A month to the day since the Boeing 777 vanished with 239 people on board, time is running out to detect further signals as the batteries in beacons on the jet's black box data recorders reach their expiry date.
Transmissions picked up by Australia's Ocean Shield ship consistent with those from aircraft black boxes had raised hopes that a robotic submersible would soon be sent down to look for debris.
But search chief Angus Houston clarified Tuesday that while the pings were an exciting development, further transmissions were needed before scouring the ocean floor.
"We need to continue that (search) for several days to the point at which there is absolutely no doubt that the pinger batteries will have expired," Houston said.

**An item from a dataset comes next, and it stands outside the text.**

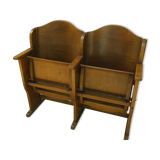 Former cinema seat 2 chairs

"Until we stop the pinger search we will not deploy the submersible."
He said that no further transmissions had been detected in the remote search area off western Australia which could help pinpoint where the jet carrying 239 people might have crashed.
The plane went missing en route from Kuala Lumpur to Beijing on March 8 and the search is now focusing on a 600-kilometre (370-mile) arc of the remote southern Indian Ocean.
Houston had indicated that the time was nearing for the Ocean Shield, which is criss-crossing the area to try to home in on the signals again, to launch the US-made autonomous underwater vessel Bluefin-21.
But he put a more definitive timeframe on it Tuesday, saying the five-metre (16-feet) long submersible sonar device would not be put into the water unless more transmissions were detected.
"If we go down there now and do the visual search it will take many, many, many days because it's very slow, very painstaking work to scour the ocean floor," he said.
Families of MH370 passengers in Beijing marked the one-month anniversary of the plane's disappearance with a tearful candlelit vigil Tuesday, desperately trying to comfort each other as their agonising wait for news continues.
About two-thirds of the 239 people on board were Chinese.
- Taking it to the limit -
The 4.5-kilometre (nearly three-mile) depth of the ocean floor is the absolute operating limit for a Bluefin-21, which is designed for deep sea surveying and can carry video cameras.
Ocean Shield, which picked up two series of pulses lasting two hours and 20 minutes and then 13 minutes, is operating at the northern end of the defined search area.
China's Haixun 01, which has also reported some acoustic sounds, and Britain's HMS Echo are working the southern end.
The signals are being investigated as the clock ticks past the 30-day lifespan of the emergency beacons on the two data recorders from the Malaysia Airlines jet.
Houston said the Ocean Shield transmissions were the most promising, adding that the advice from black box manufacturers was that the frequency of the signals could have changed.
"There's a change with the pressure on the ocean floor and the age of the particular batteries... you get changes in the transmission level," he said.
"Some of the false leads that we've had have been transmissions from the ship that was actually searching."
- Encouraging signs -
While 14 ships were involved in the search, it was not possible to crowd the area due to the need for silence, he said.
"We can't have too many ships in the area because when you're dealing with these transmissions you need utter silence," he said.
Commander William Marks of the US Seventh Fleet has said one of the signals picked up strengthened for a time, then weakened, indicating crews were near its source.
"That is encouraging because that is what you would expect if you are indeed moving toward the black box -- that it should get stronger and as you move away from it, it should get weaker," he told AFP.
Up to 11 military planes and three civilian planes were also Tuesday set to take part in the unprecedented search 2,268 kilometres northwest of Perth, the Joint Agency Coordination Centre (JACC) said.
Australian Defence Minister David Johnston said the searchers were working on the "positive lead" of the acoustic noises to deliver up something more tangible.
"I want to confirm that we have at least several days of intense action ahead of us," he said, adding that the weather was expected to be reasonable while the two pingers were still active.
"We are totally focused on assisting our Malaysian friends in identifying the location of this aircraft and bringing some closure to the loved ones of the passengers and crew onboard," he said.
Johnston said the search for debris floating on the water's surface was still going on.
If deployed, the Bluefin-21 could detect unusual formations on the ocean floor. It would then be brought back to the surface to fit cameras before returning to the seabed.
"What we're after is wreckage, a debris field as people would say," Houston said.